- [Records for this task]
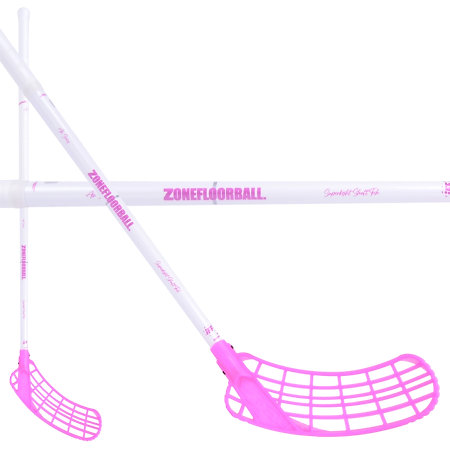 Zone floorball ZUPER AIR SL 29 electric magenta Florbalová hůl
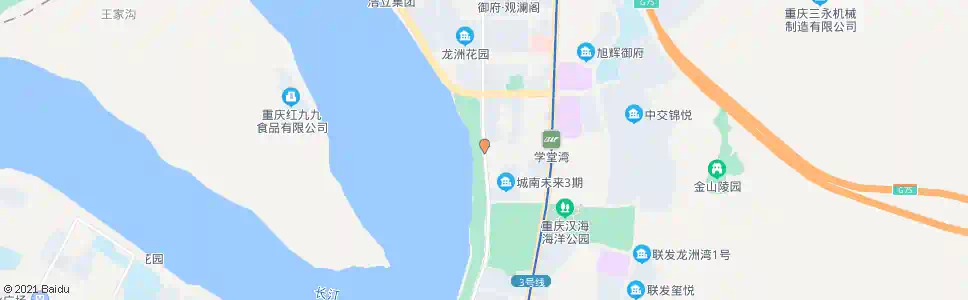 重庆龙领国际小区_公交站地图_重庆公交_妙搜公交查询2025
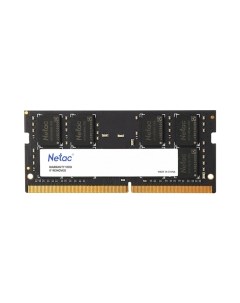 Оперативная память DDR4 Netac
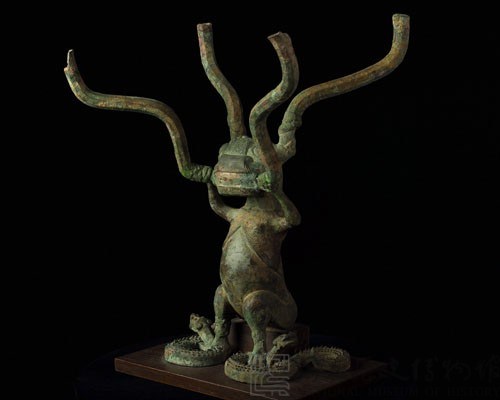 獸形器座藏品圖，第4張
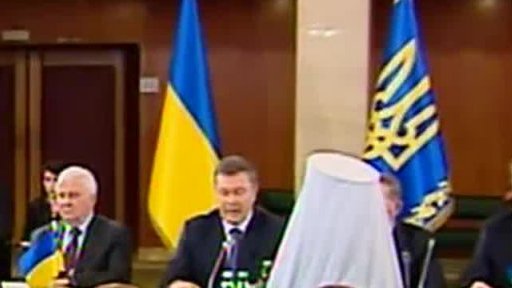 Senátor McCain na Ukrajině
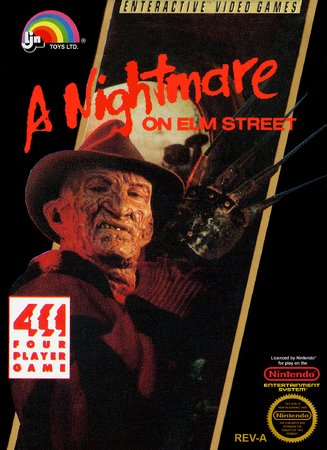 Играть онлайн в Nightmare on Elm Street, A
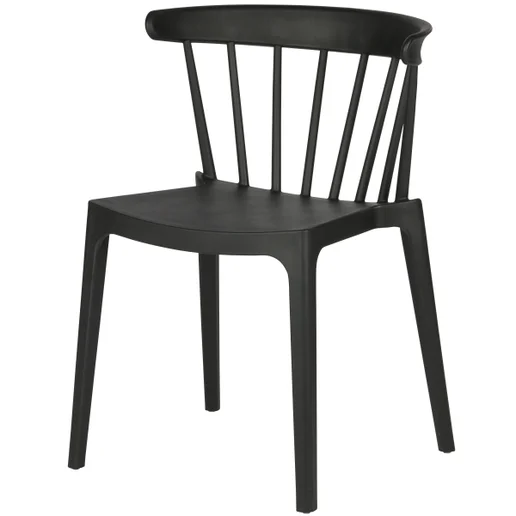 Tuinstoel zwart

- [Task details] Return the entries verbatim without images.

- [Output of the exercise]
 Zone floorball ZUPER AIR SL 29 electric magenta Florbalová hůl
 重庆龙领国际小区_公交站地图_重庆公交_妙搜公交查询2025
 Оперативная память DDR4 Netac
 獸形器座藏品圖，第4張
 Senátor McCain na Ukrajině
 Играть онлайн в Nightmare on Elm Street, A
 Tuinstoel zwart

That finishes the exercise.